Among the entries below, copy every line that carries the word "名門チューリヒ工科大学".

[Records for the task]

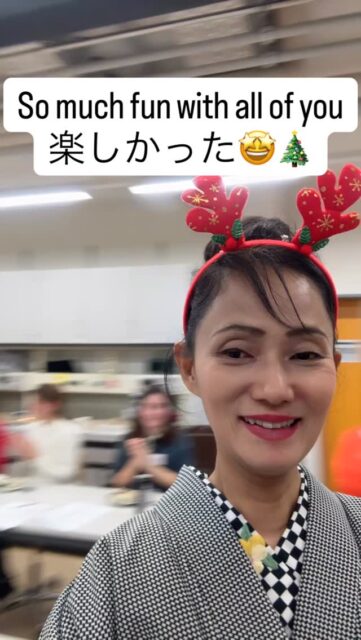 🍣✨ Christmas Sushi Event at the University ✨🍣

This Thursday, I hosted a Christmas sushi event at a university 🎄
🇯🇵 今週木曜日、**名門チューリヒ工科大学（ETH Zurich）**で
クリスマス寿司イベントを開催しました。
🇩🇪 Am Donnerstag durfte ich ein Sushi-Weihnachtsevent an der ETH Zürich leiten 🎄

Around 30 doctors and professors joined the workshop.
🇯🇵 約30名のドクターや教授の皆さまにご参加いただきました。
🇩🇪 Rund 30 Doktor:innen und Professor:innen nahmen teil。

They came from many different countries.
🇯🇵 国籍もさまざまで、とても国際的な雰囲気でした。
🇩🇪 Die Teilnehmenden kamen aus vielen verschiedenen Ländern。

The atmosphere was warm, open, and full of smiles.
🇯🇵 会場は終始和やかで、笑顔の絶えない時間となりました。
🇩🇪 Die Atmosphäre war offen, herzlich und voller Lächeln。

Food connects people beyond language and culture.
🇯🇵 食は、言葉や文化を超えて人と人をつなぎます。
🇩🇪 Essen verbindet Menschen über Sprache und Kultur hinaus。

For me, sushi-making is more than just cooking.
🇯🇵 私にとって寿司作りは、単なる料理ではありません。
🇩🇪 Sushi zuzubereiten ist für mich mehr als nur Kochen。

It is about sharing Japanese culture and meaningful moments.
🇯🇵 日本文化を伝え、心に残る時間を共有すること。
🇩🇪 Es geht um kulturellen Austausch und gemeinsame Momente。

Thank you for this wonderful opportunity.
🇯🇵 **名門チューリヒ工科大学（ETH Zurich）**という素晴らしい場で
このような機会をいただけたことに、心より感謝しています。
🇩🇪 Vielen herzlichen Dank für diese wunderbare Gelegenheit。

🎁 Workshops | Corporate Events | Private Classes
👉 www.sushi-yoko.ch
📩 DM @sushi_yoko_com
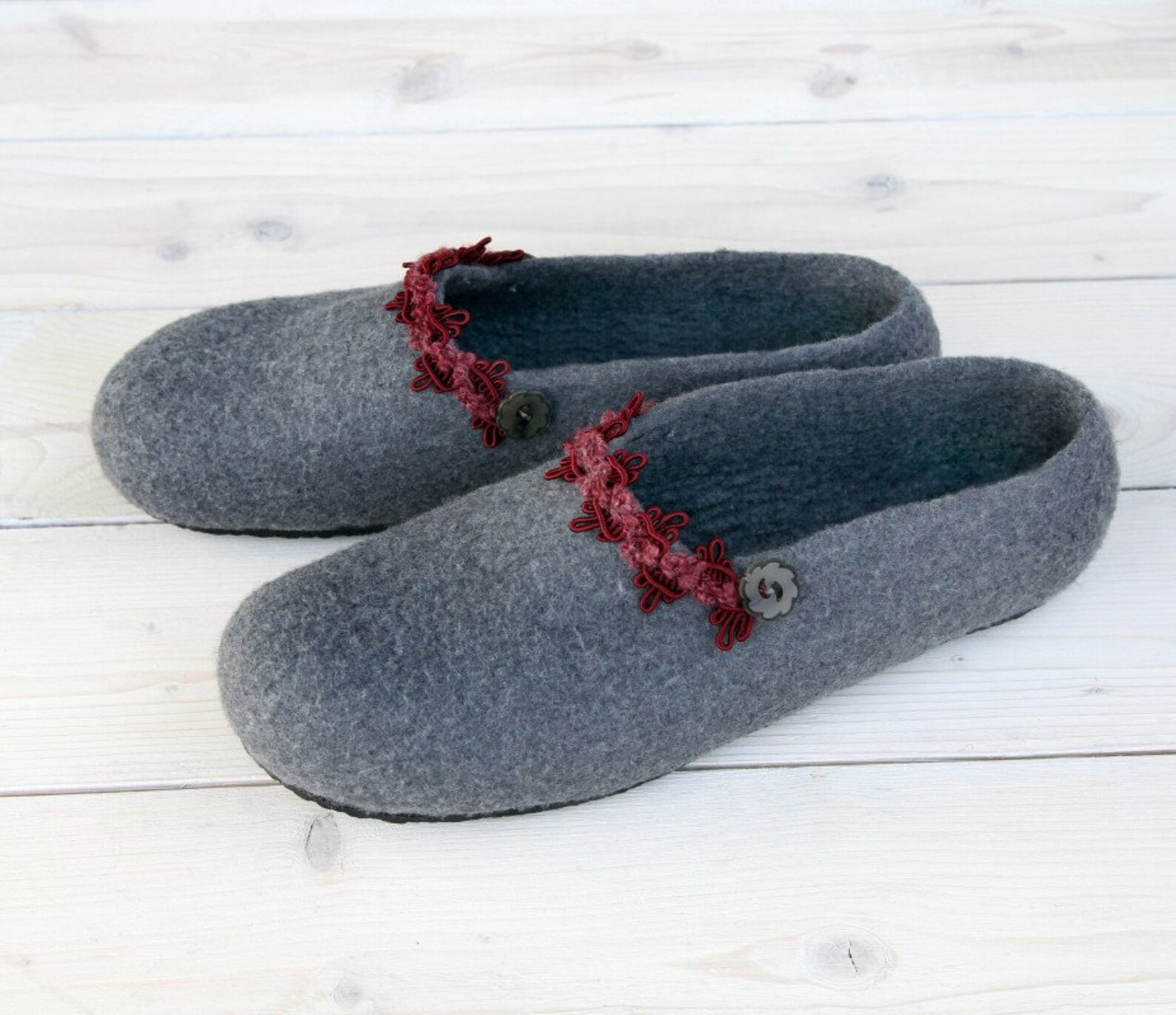 Women House Shoes Felted Wool Slippers Grey and Red Etsy UK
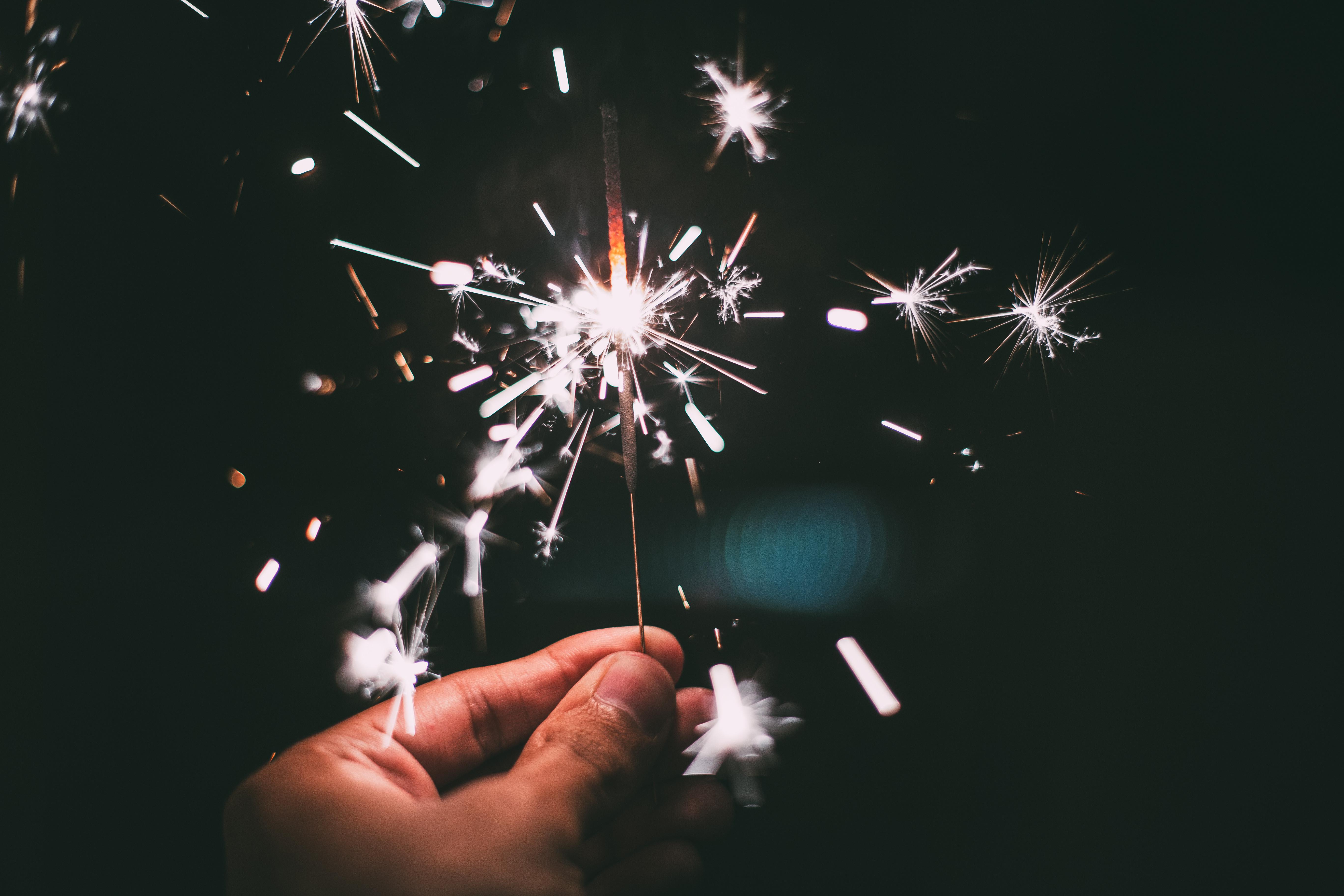 Capodanno 2024, il pediatra: "Con i bimbi no a botti e 'stelline', non esistono fuochi sicuri"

[/Records for the task]

**Answer area:**
🇯🇵 今週木曜日、**名門チューリヒ工科大学（ETH Zurich）**で
🇯🇵 **名門チューリヒ工科大学（ETH Zurich）**という素晴らしい場で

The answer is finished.